Although she had been out of power since 2006 and spent years in jail or under house arrest, Khaleda continued to command strong public support. Her death comes at a critical political moment, with the BNP widely seen as the frontrunner in parliamentary elections scheduled for February. Her son, BNP acting chairman Tarique Rahman, returned to Bangladesh last week after nearly 17 years in self-exile and is regarded as a leading contender for the prime minister’s post.
Bangladesh has been governed by an interim administration since August 2024, following a student-led uprising that ousted Prime Minister Sheikh Hasina. The interim government is headed by Nobel Peace Prize laureate Muhammad Yunus. In November, Hasina was sentenced to death in absentia over her violent crackdown on the protests. Known simply as Khaleda, she lived a largely private life, devoted to raising her two sons, until her husband, President Ziaur Rahman, was assassinated in a failed military coup in 1981.
Three years later, she took over leadership of the BNP, which Ziaur Rahman had founded, pledging to fulfil his vision of lifting Bangladesh out of poverty. In 1990, Khaleda joined forces with Sheikh Hasina, the daughter of Bangladesh’s founding leader Sheikh Mujibur Rahman, to lead a mass movement that toppled military ruler Hossain Mohammad Ershad.
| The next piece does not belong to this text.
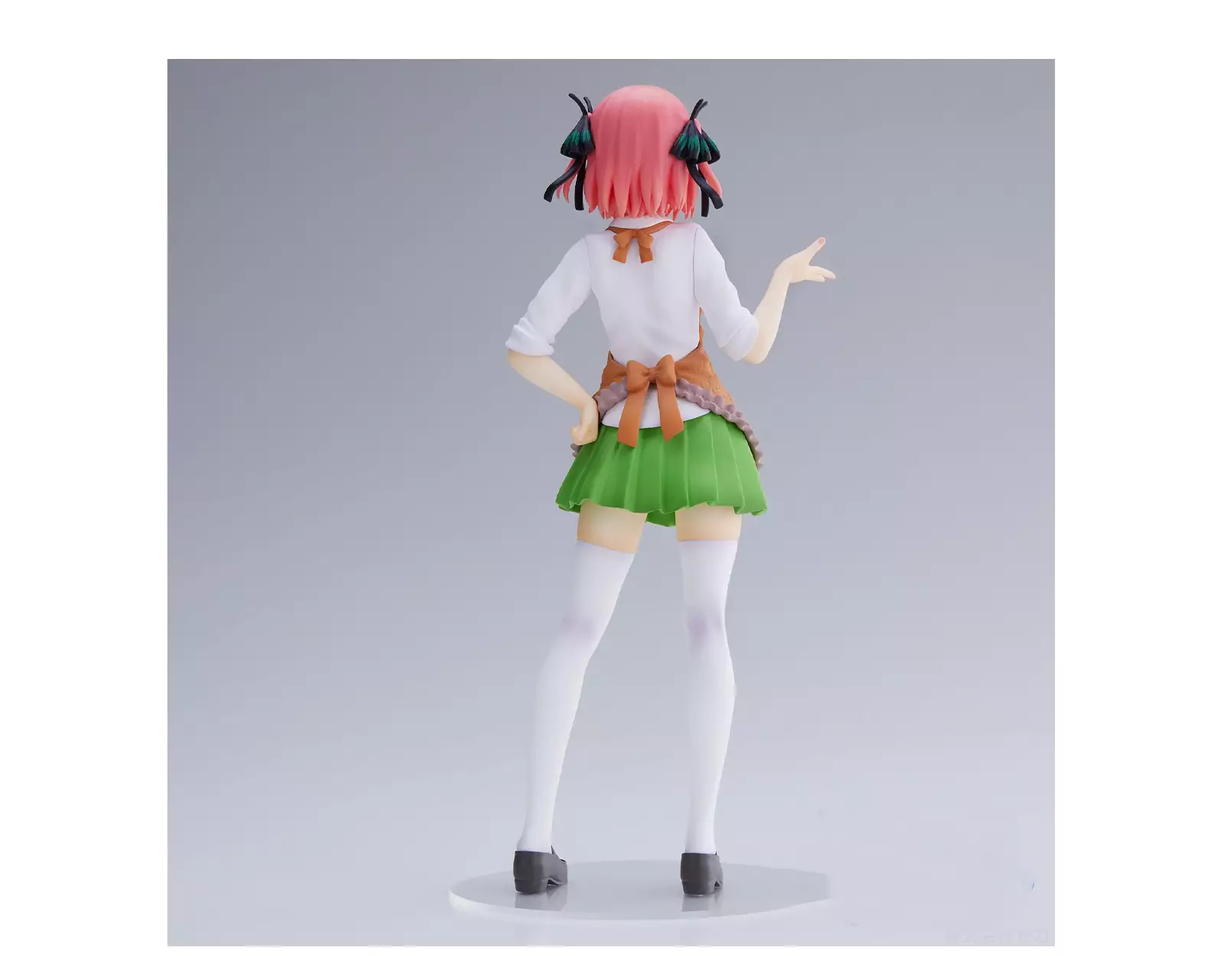 Foto 5 pulgar | Figura Sega Super Premium: Quintillizas Nino Nakano Festival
Their alliance soon collapsed, giving rise to one of South Asia’s fiercest political rivalries.Dubbed the “battling Begums,” Khaleda and Hasina alternated in power for years, dominating Bangladeshi politics with their contrasting styles—Khaleda reserved and traditional, Hasina outspoken and forceful.
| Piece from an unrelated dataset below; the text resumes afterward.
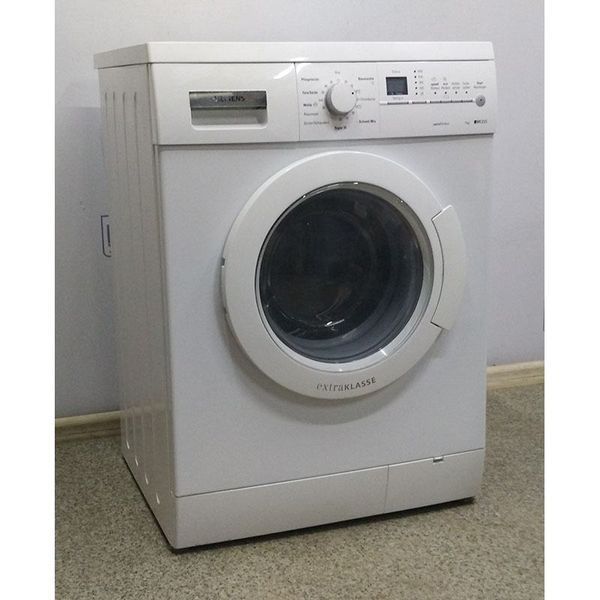 Стиральная машина SIEMENS IQ 300 Vario perfect WM14E1P0 01 000005521 фото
Khaleda won the 1991 general election in what was hailed as Bangladesh’s first free and fair vote, becoming the country’s first female prime minister and only the second woman to lead a democratic government in a Muslim-majority nation, after Pakistan’s Benazir Bhutto. During her first term, she restored the parliamentary system, reduced presidential powers, encouraged foreign investment, and made primary education free and compulsory.
After losing power in 1996, she returned with a landslide victory in 2001. Her second term, however, was overshadowed by rising militancy and allegations of corruption. In 2004, a grenade attack on a rally addressed by Hasina killed more than 20 people. Khaleda’s government and its allies were widely blamed, though the BNP rejected the accusations. Political instability led to an army-backed interim government taking power in 2006. Both Khaleda and Hasina were jailed on corruption charges before being released ahead of elections in 2008. Khaleda never returned to office, as the BNP boycotted the 2014 and 2024 polls. She was convicted in 2018 in a corruption case involving an orphanage trust and jailed, later moved to house arrest in 2020 due to ill health. She was freed in August 2024 after Hasina’s removal, and in early 2025 Bangladesh’s Supreme Court acquitted her and Tarique Rahman in the corruption case.
Leaders in Pakistan expressed condolences, praising Khaleda Zia’s political legacy. President Asif Ali Zardari, Prime Minister Shehbaz Sharif, and Deputy Prime Minister Ishaq Dar issued statements mourning her death. Prime Minister Sharif described her as a lifelong friend of Pakistan, saying her service to Bangladesh would be remembered for generations. “Our thoughts and prayers are with her family and the people of Bangladesh in this moment of sorrow,” he said. President Zardari said her leadership would be remembered with respect, while Ishaq Dar prayed for her elevation in Jannah and patience for her family.